• _Data_

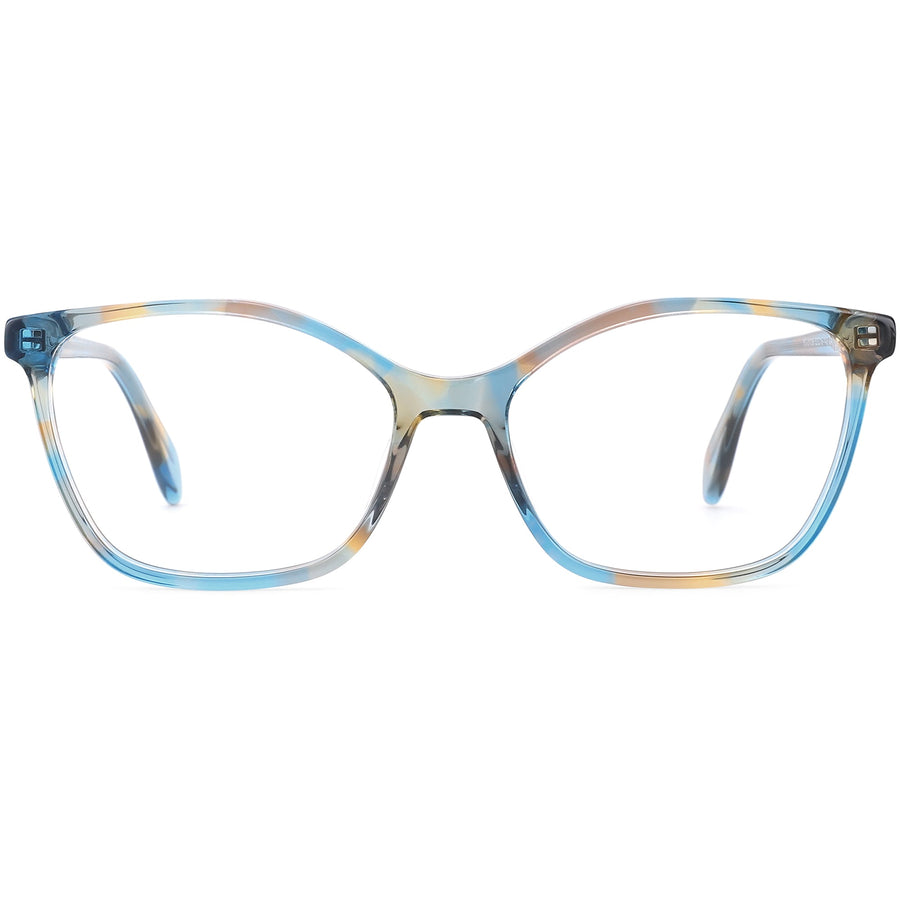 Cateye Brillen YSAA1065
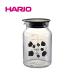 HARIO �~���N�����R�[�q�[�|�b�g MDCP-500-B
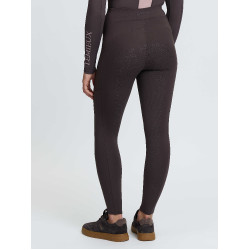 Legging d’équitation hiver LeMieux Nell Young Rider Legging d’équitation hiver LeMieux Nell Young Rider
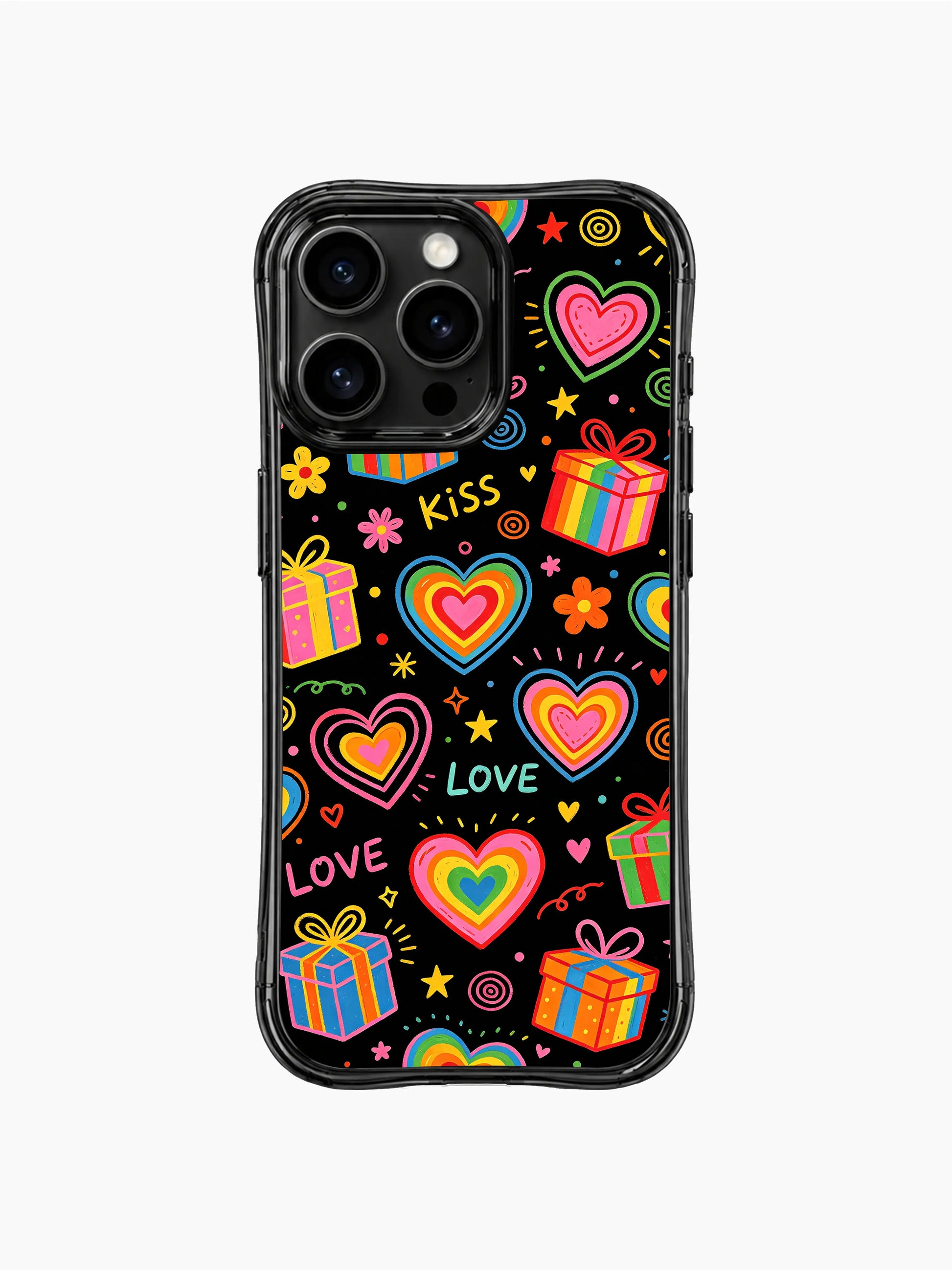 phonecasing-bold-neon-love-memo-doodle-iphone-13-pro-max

• _Task to carry out_
None of the pictures should be carried over when the data above is transcribed exactly.

• _Response to this exercise_
 Cateye Brillen YSAA1065
 HARIO �~���N�����R�[�q�[�|�b�g MDCP-500-B
 Legging d’équitation hiver LeMieux Nell Young Rider Legging d’équitation hiver LeMieux Nell Young Rider
 phonecasing-bold-neon-love-memo-doodle-iphone-13-pro-max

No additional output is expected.